Startup update 8: YOLO mode

2025-06-16

Progress update

This past week, I visited BCA, my old high school, to give a talk to the math team + compsci students and pitch Cartesian Tutor. I think it went okay, but obviously there’s a lot to learn and improve here as far as my pitch goes. I can see from the logs that a few kids tried the app, but nothing sticky. Based on how the talk landed and the initial queries the kids put in, I did some basic polish passes over the front page, app UI, and help pages.

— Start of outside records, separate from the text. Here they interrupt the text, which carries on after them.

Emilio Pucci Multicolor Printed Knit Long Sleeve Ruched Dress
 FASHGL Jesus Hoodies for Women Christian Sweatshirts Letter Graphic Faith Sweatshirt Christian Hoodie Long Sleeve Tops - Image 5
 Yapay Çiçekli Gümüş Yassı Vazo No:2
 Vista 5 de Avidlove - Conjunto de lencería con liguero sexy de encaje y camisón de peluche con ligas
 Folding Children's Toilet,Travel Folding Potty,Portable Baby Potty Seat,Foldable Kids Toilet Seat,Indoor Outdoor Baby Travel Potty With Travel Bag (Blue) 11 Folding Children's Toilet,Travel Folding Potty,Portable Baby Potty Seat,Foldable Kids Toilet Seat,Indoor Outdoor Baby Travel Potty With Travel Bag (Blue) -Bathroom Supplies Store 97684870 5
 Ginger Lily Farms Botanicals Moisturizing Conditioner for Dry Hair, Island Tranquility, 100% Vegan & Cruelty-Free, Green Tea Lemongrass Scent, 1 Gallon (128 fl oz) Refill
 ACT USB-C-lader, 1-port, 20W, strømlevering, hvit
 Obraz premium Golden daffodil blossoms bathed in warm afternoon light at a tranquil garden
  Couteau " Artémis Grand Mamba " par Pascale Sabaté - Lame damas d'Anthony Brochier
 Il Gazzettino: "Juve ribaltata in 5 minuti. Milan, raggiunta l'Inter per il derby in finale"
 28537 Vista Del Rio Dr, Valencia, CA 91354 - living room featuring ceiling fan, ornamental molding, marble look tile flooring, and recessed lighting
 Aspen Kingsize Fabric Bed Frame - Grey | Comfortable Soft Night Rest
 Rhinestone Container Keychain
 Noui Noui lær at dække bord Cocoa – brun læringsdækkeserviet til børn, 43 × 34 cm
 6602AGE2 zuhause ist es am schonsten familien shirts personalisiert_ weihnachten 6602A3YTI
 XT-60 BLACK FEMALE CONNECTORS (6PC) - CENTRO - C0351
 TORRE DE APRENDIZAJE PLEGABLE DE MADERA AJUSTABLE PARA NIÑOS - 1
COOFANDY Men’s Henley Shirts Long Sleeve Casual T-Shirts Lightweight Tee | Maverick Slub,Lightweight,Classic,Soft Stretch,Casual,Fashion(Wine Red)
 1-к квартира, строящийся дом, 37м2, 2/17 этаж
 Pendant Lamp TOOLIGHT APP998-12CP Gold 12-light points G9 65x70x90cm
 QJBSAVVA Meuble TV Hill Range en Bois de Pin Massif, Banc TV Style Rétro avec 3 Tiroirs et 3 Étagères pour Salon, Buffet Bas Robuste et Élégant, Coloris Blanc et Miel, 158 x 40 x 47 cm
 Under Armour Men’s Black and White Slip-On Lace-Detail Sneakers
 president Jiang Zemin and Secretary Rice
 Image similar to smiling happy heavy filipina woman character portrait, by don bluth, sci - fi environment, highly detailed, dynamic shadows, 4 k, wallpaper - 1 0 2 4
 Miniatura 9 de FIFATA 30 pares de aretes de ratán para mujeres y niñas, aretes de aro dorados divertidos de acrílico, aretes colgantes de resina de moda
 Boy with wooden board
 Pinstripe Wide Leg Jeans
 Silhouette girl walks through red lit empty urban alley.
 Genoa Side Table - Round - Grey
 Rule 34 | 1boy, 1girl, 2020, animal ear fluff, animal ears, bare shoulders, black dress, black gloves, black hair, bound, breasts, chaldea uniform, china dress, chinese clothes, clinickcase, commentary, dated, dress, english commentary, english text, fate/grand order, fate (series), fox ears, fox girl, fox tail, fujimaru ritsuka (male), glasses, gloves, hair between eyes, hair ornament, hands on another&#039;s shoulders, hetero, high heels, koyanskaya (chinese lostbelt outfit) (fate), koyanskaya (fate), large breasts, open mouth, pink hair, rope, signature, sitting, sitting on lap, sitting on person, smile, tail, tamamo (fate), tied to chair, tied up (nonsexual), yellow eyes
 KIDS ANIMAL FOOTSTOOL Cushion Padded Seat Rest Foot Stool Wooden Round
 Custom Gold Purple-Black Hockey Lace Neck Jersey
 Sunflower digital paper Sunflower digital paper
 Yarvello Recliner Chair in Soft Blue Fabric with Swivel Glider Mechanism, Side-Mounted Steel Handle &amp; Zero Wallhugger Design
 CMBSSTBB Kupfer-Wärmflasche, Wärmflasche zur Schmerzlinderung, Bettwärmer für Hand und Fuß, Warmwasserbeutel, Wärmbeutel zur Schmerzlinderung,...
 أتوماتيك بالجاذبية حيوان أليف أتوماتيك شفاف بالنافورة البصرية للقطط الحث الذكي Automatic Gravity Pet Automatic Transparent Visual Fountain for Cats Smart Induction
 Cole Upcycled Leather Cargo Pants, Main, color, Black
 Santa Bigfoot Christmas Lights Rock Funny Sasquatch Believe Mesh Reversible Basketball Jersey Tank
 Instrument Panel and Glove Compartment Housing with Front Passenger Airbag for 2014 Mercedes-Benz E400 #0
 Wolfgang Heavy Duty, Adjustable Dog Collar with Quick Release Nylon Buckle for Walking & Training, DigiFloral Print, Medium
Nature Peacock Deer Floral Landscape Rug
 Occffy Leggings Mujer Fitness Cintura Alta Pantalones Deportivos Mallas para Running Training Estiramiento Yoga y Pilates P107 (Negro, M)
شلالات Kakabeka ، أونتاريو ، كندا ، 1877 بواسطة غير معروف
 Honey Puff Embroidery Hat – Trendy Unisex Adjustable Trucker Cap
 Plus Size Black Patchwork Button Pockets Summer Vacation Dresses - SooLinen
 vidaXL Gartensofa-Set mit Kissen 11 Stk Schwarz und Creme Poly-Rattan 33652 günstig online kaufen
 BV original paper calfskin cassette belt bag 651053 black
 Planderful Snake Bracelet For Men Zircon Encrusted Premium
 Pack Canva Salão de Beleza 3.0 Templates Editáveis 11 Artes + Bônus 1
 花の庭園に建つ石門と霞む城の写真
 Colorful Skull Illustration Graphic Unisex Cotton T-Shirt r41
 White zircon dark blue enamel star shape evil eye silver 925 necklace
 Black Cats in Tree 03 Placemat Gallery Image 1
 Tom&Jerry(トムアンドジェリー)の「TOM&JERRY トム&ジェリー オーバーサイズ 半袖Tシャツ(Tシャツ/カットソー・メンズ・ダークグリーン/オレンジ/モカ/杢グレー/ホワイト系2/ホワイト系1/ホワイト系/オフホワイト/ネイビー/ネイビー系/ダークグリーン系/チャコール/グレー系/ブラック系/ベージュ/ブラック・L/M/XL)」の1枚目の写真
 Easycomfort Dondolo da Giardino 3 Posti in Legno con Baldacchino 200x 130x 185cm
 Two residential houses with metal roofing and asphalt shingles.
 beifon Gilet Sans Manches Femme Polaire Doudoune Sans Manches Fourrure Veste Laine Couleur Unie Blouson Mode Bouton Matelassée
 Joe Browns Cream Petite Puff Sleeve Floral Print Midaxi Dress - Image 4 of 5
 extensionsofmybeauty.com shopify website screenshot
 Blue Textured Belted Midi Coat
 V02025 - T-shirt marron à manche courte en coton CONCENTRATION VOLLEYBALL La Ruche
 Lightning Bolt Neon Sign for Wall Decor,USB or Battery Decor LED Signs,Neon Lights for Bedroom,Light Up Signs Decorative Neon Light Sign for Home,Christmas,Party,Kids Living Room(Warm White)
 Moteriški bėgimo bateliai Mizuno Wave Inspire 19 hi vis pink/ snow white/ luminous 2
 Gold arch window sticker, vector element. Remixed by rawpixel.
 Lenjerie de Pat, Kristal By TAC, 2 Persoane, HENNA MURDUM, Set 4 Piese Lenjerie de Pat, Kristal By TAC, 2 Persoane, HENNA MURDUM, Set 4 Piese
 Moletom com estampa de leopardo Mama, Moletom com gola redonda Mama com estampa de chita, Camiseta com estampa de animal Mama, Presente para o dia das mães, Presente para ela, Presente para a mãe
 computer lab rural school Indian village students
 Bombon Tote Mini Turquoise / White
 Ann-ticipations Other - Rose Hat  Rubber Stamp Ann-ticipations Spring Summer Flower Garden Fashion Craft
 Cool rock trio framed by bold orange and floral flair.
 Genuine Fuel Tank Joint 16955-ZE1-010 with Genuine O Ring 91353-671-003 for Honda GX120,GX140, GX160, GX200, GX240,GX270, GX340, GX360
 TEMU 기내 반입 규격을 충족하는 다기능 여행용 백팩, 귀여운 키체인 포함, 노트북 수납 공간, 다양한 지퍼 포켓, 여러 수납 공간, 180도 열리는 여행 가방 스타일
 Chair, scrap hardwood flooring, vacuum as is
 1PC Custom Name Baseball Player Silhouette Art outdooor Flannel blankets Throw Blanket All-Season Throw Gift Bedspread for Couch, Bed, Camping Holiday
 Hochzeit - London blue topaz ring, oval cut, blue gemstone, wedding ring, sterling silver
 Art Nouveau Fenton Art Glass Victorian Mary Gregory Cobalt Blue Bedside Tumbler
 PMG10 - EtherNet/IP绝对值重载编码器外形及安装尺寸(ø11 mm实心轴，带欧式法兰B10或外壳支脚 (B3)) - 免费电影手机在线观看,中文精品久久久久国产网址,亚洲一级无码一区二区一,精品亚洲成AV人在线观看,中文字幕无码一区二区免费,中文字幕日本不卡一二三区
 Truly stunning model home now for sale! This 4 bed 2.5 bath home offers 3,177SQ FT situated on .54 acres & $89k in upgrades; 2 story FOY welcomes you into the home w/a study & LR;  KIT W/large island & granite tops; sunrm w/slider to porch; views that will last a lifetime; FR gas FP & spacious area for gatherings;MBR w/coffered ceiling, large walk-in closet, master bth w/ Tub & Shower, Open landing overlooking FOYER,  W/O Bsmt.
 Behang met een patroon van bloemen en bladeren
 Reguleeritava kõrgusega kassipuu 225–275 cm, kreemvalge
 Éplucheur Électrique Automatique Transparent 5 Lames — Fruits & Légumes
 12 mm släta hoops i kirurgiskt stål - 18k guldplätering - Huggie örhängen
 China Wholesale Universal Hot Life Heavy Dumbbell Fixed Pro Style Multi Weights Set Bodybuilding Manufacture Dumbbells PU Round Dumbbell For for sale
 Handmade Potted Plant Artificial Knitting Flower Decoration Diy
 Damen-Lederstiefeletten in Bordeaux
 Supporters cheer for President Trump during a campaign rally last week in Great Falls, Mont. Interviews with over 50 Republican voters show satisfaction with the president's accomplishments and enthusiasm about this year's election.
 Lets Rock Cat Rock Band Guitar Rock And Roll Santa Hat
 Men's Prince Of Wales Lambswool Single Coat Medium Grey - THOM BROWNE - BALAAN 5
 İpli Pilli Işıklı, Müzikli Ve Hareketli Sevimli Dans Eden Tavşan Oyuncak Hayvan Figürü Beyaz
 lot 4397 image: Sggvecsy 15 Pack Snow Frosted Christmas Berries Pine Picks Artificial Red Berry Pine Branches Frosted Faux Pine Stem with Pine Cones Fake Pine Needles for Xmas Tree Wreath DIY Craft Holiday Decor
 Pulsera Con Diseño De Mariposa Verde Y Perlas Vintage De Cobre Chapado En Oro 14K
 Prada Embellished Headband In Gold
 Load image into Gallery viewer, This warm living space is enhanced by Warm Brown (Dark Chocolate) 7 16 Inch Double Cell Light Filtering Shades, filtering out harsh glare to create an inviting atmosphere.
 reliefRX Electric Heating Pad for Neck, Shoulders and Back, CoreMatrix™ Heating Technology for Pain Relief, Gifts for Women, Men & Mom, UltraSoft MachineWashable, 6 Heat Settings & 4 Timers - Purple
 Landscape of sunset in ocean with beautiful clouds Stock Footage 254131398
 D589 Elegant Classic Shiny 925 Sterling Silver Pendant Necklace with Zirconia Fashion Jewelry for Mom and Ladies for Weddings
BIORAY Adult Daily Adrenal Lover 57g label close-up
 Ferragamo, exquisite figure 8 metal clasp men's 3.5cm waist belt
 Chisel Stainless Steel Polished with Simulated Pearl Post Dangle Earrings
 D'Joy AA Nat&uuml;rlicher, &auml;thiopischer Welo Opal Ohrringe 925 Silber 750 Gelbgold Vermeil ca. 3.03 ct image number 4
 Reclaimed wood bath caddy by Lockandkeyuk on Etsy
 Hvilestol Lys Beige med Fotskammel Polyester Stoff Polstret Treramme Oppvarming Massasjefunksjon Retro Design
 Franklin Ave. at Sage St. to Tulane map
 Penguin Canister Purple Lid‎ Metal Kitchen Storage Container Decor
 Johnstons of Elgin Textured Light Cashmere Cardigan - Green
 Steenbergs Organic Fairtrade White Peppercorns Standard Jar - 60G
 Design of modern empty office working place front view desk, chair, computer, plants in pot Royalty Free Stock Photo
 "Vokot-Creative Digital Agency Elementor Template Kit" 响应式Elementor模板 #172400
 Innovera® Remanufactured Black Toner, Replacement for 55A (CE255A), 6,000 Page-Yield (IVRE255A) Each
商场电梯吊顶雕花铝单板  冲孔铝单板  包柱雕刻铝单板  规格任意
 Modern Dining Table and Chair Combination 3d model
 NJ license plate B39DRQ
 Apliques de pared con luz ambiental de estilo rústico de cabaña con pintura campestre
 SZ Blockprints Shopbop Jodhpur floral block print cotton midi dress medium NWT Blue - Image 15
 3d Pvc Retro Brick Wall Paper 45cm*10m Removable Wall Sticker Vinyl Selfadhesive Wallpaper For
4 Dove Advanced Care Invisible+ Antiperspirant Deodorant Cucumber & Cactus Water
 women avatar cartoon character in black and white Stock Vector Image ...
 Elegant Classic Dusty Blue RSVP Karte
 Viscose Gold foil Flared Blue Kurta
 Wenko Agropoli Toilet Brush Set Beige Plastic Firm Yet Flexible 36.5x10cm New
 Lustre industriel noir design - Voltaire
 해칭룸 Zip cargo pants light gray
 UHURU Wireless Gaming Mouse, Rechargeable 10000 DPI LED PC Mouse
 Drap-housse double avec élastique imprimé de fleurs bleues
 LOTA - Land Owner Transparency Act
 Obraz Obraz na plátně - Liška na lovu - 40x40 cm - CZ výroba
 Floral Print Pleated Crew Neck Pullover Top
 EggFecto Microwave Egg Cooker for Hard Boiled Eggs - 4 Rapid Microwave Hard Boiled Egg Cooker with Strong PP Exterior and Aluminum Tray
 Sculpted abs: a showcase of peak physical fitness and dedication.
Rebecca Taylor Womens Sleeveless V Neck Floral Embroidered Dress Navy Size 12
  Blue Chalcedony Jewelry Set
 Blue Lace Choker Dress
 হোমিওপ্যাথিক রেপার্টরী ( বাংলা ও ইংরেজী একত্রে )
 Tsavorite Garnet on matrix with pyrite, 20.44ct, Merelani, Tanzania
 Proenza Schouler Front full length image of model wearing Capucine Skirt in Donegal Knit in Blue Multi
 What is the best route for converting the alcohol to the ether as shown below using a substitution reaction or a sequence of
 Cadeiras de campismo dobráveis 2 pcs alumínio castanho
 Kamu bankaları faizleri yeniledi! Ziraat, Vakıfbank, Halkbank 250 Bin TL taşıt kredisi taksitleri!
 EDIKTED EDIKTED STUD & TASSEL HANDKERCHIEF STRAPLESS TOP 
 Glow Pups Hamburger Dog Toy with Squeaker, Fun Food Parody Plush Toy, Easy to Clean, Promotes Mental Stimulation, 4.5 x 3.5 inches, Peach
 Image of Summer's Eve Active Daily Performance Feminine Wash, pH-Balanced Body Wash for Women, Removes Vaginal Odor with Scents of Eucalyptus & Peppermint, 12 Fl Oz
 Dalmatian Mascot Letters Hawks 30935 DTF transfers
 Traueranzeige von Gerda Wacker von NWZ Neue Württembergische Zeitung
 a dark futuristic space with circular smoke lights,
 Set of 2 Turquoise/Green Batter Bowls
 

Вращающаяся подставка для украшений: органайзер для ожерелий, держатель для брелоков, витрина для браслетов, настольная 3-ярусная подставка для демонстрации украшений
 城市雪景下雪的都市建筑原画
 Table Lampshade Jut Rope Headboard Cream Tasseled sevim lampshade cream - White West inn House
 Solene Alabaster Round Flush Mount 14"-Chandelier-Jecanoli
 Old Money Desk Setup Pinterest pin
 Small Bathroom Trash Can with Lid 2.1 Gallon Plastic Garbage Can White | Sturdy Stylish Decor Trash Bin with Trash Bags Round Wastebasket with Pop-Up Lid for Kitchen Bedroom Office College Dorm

In addition to marketing to students vs. parents, professionals are a third potential target audience. I am increasingly using my own app to teach myself the basics of XYZ and was surprised at how well it goes. Specifically, in https://www.moderndescartes.com/essays/llm_shibboleths I talk about how you need a basic fluency in a given topic to effectively prompt LLMs. Cartesian Tutor is actually pretty good at getting me to that basic fluency level at, e.g. marketing, SEO, OAuth2, frontend, etc.!

I think right now my biggest problem is lack of feedback. In the grand user funnel of “awareness -> interest -> willingness to try out -> using the product correctly/effectively -> convinced to pay”, I have minimal signal and thus I’m not sure where I need to improve things. I also don’t really have my messaging ironed out as far as students vs. parents.

In order to solve these two things, I think I need 1. more volume of attempts on my funnel 2. more feedback signal per failed attempt.

So my call to action for you folks: try out the app, starting from the homepage -> have a conversation long enough to trigger the “you ran out of free messages” limit (should take about 5-20 back and forths). I will happily upgrade you an unlimited plan for life* in exchange (contingent on the startup/app continuing to exist). To qualify for this offer, tell me at least three places where you found the “next step” of the funnel nonobvious.

YOLO mode

The hypesters are nowadays talking about autonomous agent mode and how the “best” engineers are invoking multiple Claude instances and letting them run on YOLO mode in the background. I tried this out and came away with a few thoughts:

This is partly a response to just how long it can take agents to do their thing. A lot of time is required for the agent to plan, scan your codebase to figure out where to get started, make changes, and iterate.
This is partly a “leap of faith” marketing pitch; Cursor/Windsurf/Claude Code want you to just try it and see how well it does; if it works well, then they can up their prices/revenue by an order of magnitude.
It almost works: about 15% of the time I find that I can accept the changes as is; about 35% of the time I want minor fixups, and 50% of the time it just used a bad approach that makes me think, “I’m glad I’m on a fixed-price Claude Pro plan because if I paid a dollar for claude to generate this garbage, I’d be pretty annoyed”. But at the same time, because it’s background mode and not really consuming my attention, then the human cost of reviewing the code is lower than if I were babysitting the agent coding process.
The “plan then execute” philosophy is important because it helps cut off the bad 50% of the approaches from the start, before it wastes everyone’s time and tokens.
Nowadays, I am thinking mostly about non-code parts of my app. That makes background agent mode a nice complement; I can have it tackle minor bugfixes/polish issues while I think about other marketing/sales stuff. I imagine that if I were working a full time job, then 50% of my time would be consumed in slack messages, reviewing design docs, meetings, email, etc.. An agent running in the background is the right amount of “occasional check-in to review code” to complement this 50% of fragmented attention time.

Overall my thoughts are, “I don’t really see this scaling to autonomous coding at this success rate”, especially because autonomous mode gets far less user-micromanagement feedback, and so any RL signal that these coding agent companies get is much much weaker. The interactive sessions where I micromanage claude are probably far more instructive to their RL training efforts. OTOH, perhaps this is the lesson to take away from the DeepSeek GRPO paper - that end-to-end traces of accepted vs rejected chains are “enough” to RL to a better model.